Taking \(\varepsilon =0\) we get the following characterization of the exact Birkhoff-James orthogonality:

$$\begin{aligned} x\bot _{\textrm{B}}y\quad \Longleftrightarrow \quad \exists \, c>0:\quad (\lambda \in {\mathbb {K}},\ |\lambda |\le c) \Rightarrow \Vert x+\lambda y\Vert \ge \Vert x\Vert . \end{aligned}$$
(1.4)

The following result brings a new characterization of the approximate Birkhoff–James orthogonality, which is given by the condition:

  1. (D)

    \(\forall \,\lambda \in {\mathbb {K}}:\quad \Vert x+\lambda y\Vert \ge \Vert x\Vert -\varepsilon \Vert \lambda y\Vert \).

Theorem 1.3

For a real or complex normed space X, vectors \(x,y\in X\) and a constant \(\varepsilon \in [0,1)\) the following conditions are equivalent:

  1. (i)

    \(x\bot ^{\hspace{-0.2em}\varepsilon }_{\textrm{B}}y\);

  2. (ii)

    \(\forall \,\lambda \in {\mathbb {K}}:\quad \Vert x+\lambda y\Vert \ge \Vert x\Vert -\varepsilon \Vert \lambda y\Vert \);

  3. (iii)

    \(\exists \, c>0:\quad (\lambda \in {\mathbb {K}},\ |\lambda |\le c) \Rightarrow \Vert x+\lambda y\Vert \ge \Vert x\Vert -\varepsilon \Vert \lambda y\Vert \).

Proof

If \(x=0\) or \(y=0\) all three conditions are clearly satisfied. For \(\varepsilon =0\), the equivalence of (i)-(iii) follows from (1.4). From now on, we assume that \(x,y\in X\smallsetminus \{0\}\) and \(\varepsilon \in (0,1)\).

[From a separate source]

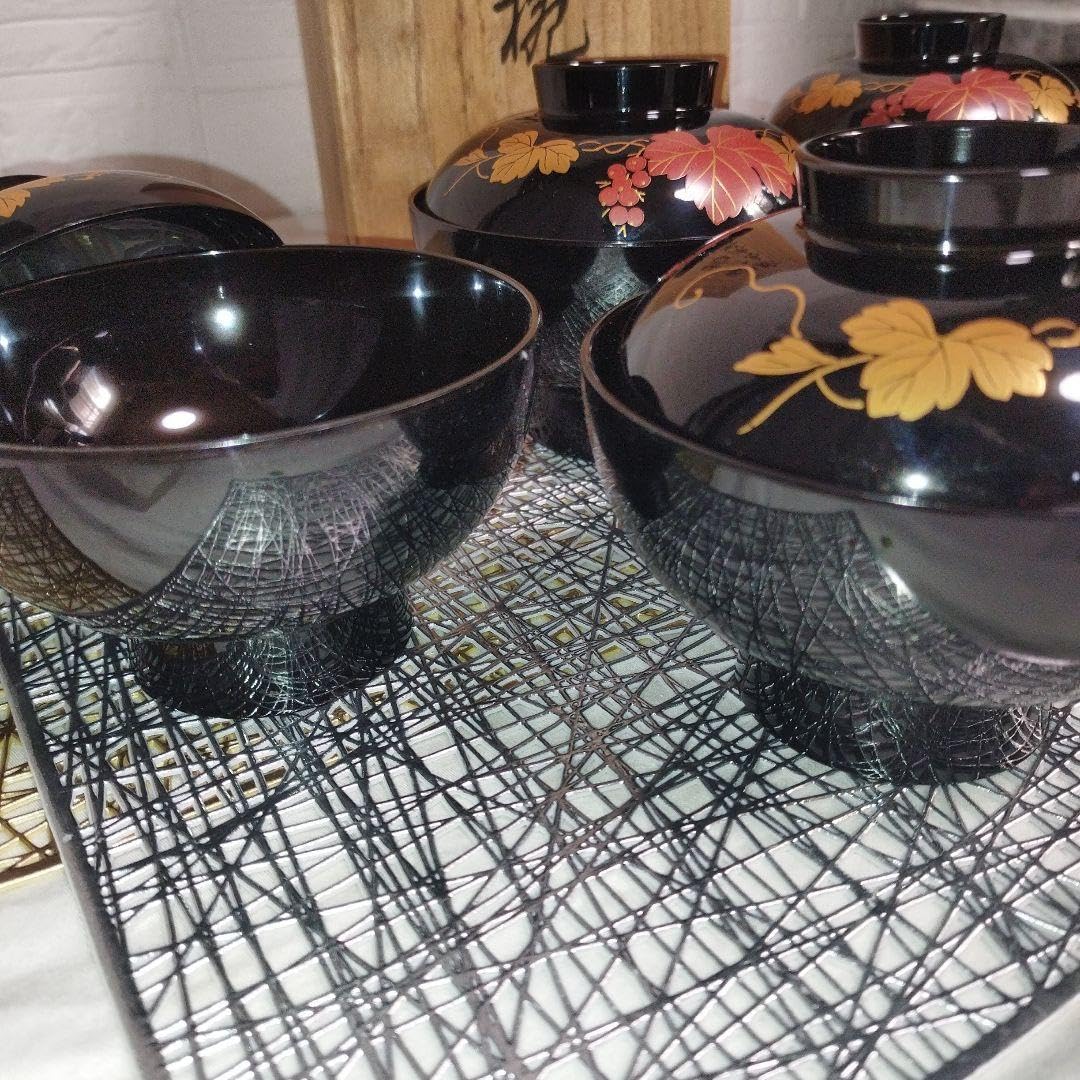 Amazon.co.jp: 輪島塗 吸物碗 五客 : Toys & Games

To prove that (i) implies (ii) we will use the implication \((A)\Rightarrow (B)\) in Theorem 1.1. Assuming (i), there exists \(y_0\in X\) such that \(x\bot _{\textrm{B}}y_0\) and \(\Vert y-y_0\Vert \le \varepsilon \Vert y\Vert \). Thus, for any \(\lambda \in {\mathbb {K}}\):

$$\begin{aligned} \Vert x+\lambda y\Vert= & {} \Vert x+\lambda y_0 +\lambda y - \lambda y_0\Vert \ge \Vert x+\lambda y_0\Vert - |\lambda |\,\Vert y-y_0\Vert \\\ge & {} \Vert x\Vert -\varepsilon |\lambda |\,\Vert y\Vert . \end{aligned}$$

The implication (ii)\(\Rightarrow \) (iii) is obvious, so we prove now (iii)\(\Rightarrow \)(i). Assuming that (iii) holds true with some \(c>0\) and making use of Lemma 1.2, it is sufficient to show that condition (b) in the lemma is satisfied. Let \(d:=\min \left\{ \frac{\Vert x\Vert }{\varepsilon \Vert y\Vert },c\right\} \). Now, if \(|\lambda |\le d\), then \(\Vert x\Vert -\varepsilon \Vert \lambda y\Vert \ge 0\) whence:

$$\begin{aligned} \Vert x+\lambda y\Vert ^2\ge & {} \left( \Vert x\Vert -\varepsilon \Vert \lambda y\Vert \right) ^2=\Vert x\Vert ^2-2\varepsilon \Vert x\Vert \,\Vert \lambda y\Vert +\varepsilon ^2\Vert \lambda y\Vert ^2\\\ge & {} \Vert x\Vert ^2 -2\varepsilon \Vert x\Vert \,\Vert \lambda y\Vert \end{aligned}$$

and we are done. \(\square \)

A self-contained proof of the equivalence \((A)\Leftrightarrow (B)\Leftrightarrow (C)\Leftrightarrow (D)\) for the real case was given in [5].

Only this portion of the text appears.